Glass Recycling. What you don’t know.

Glass never seems to raise any red flags in the eco friendly department, but it probably should. While glass is incredibly useful, virtually inert, and infinitely recyclable, it is not largely recycled or re-purchased by end users at anywhere near its true potential. 

There are several reasons for this, but the short answer is that it is expensive. It’s important to understand that recycling is a business, and if the end product does not fit into the market then it’s not going to be sold or produced. 

The irony is that recycled glass (known as cullet) is a fantastic ingredient for making new glass. It reduces the need for raw material, it produces less CO2 emissions during production, and it contributes to a higher quality glass than the raw materials can by themselves. Raw materials can bubble or leave streaks as some of these particles may not melt down properly; where the cullet has already been through this process and melds seamlessly with the new material it is being made into with virtually no streaks or bubbles, making for a finished glass without imperfections. 
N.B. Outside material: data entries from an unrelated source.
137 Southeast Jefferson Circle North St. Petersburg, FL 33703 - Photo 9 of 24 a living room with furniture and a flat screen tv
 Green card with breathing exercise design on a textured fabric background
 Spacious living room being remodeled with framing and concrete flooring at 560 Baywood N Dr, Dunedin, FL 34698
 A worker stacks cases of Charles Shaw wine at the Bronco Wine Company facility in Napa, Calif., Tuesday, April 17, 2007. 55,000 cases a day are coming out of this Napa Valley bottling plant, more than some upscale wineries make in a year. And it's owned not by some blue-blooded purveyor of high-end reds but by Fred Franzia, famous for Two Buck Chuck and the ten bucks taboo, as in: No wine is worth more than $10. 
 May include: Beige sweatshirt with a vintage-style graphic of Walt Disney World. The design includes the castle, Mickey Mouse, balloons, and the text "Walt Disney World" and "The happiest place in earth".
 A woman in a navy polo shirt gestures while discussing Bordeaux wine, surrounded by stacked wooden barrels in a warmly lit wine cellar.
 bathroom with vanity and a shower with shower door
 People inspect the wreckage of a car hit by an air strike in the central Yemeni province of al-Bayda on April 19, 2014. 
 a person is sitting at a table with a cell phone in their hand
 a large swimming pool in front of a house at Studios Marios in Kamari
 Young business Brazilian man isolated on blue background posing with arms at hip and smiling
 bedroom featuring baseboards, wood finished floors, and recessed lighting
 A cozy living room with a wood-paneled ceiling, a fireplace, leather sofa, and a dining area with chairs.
So why is recycled glass cullet so expensive. There are several reasons. Firstly, there is a lot of contamination in single stream recycling. A glass peanut butter jar that has not been properly rinsed can ruin a batch. Broken glass is a hazard to workers, and to the recycling facility’s machinery. A jammed or broken machine can stop production for hours. Glass is heavy, which makes for high freight costs. Finally, there are specific needs from the manufacturers that would require specific colors, or types of glass to fulfill and sorting glass to that degree is a very labor intensive process. 

The next time you’re reaching for a glass bottle at the supermarket thinking that it’s a great thing to recycle, we’d encourage you to keep using your refillable bottles instead. The purpose of this blog post is not to paint glass as an awful thing for the environment, but simply to use it as an example to illustrate the need for reusable solutions first with all of our product purchasing choices.